WHAT TO WORK ON:
Print only the lines from the one with "tẩy lông bằng" through the end of the data, exactly, and please omit pictures.

INFORMATION PROVIDED:
Content starts
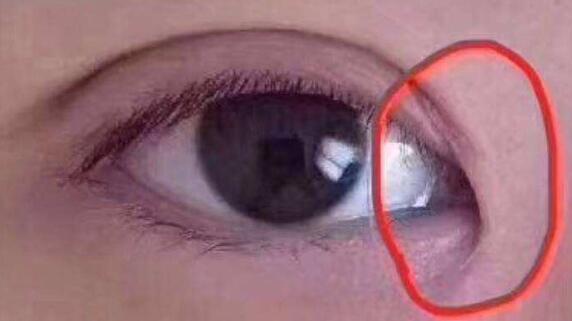 不是所有人都是适合开眼角手术！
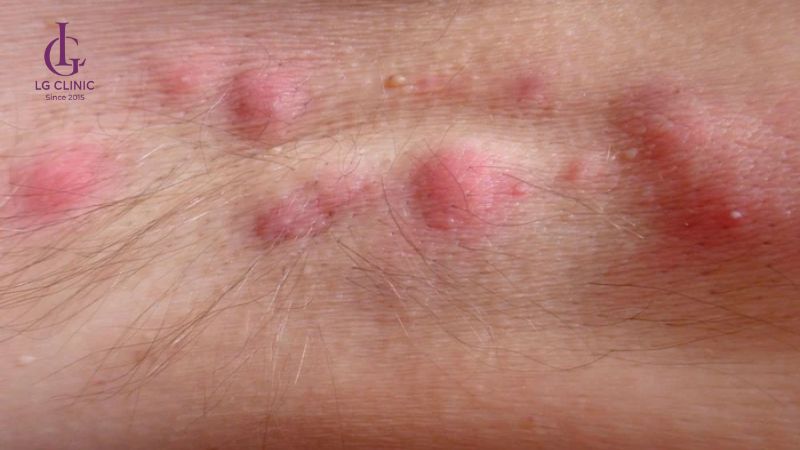 tẩy lông bằng kem đánh răng có thể gây kích ứng
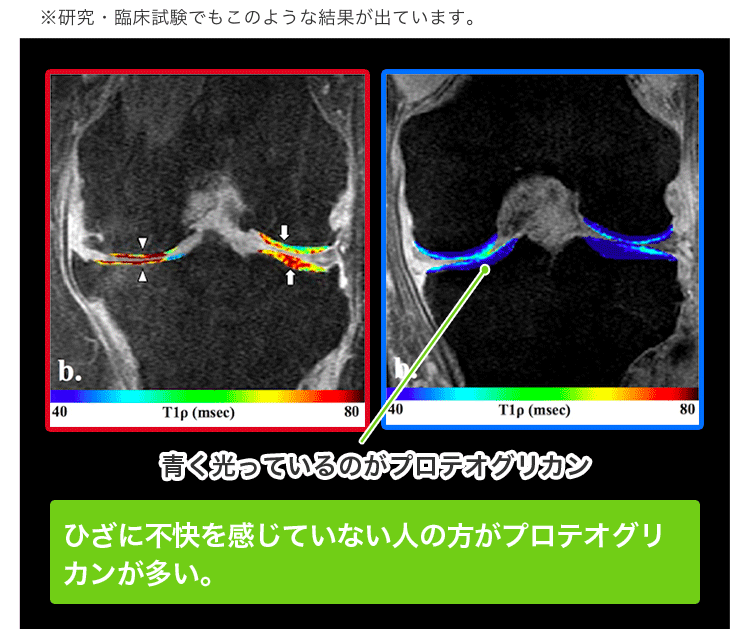 軟骨成分の分解を抑え、関節軟骨の保護に役立ち、ひざ関 節の曲げ伸ばしをサポート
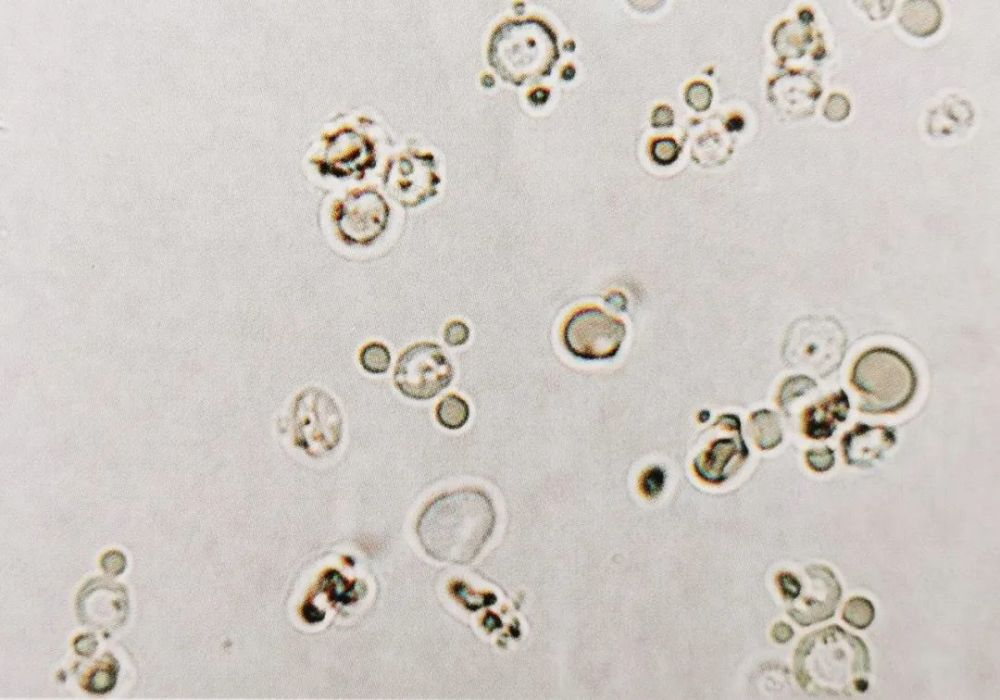 一文读懂尿液红细胞形态分析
Content ends
RESULT OF THIS TASK:
 tẩy lông bằng kem đánh răng có thể gây kích ứng
 軟骨成分の分解を抑え、関節軟骨の保護に役立ち、ひざ関 節の曲げ伸ばしをサポート
 一文读懂尿液红细胞形态分析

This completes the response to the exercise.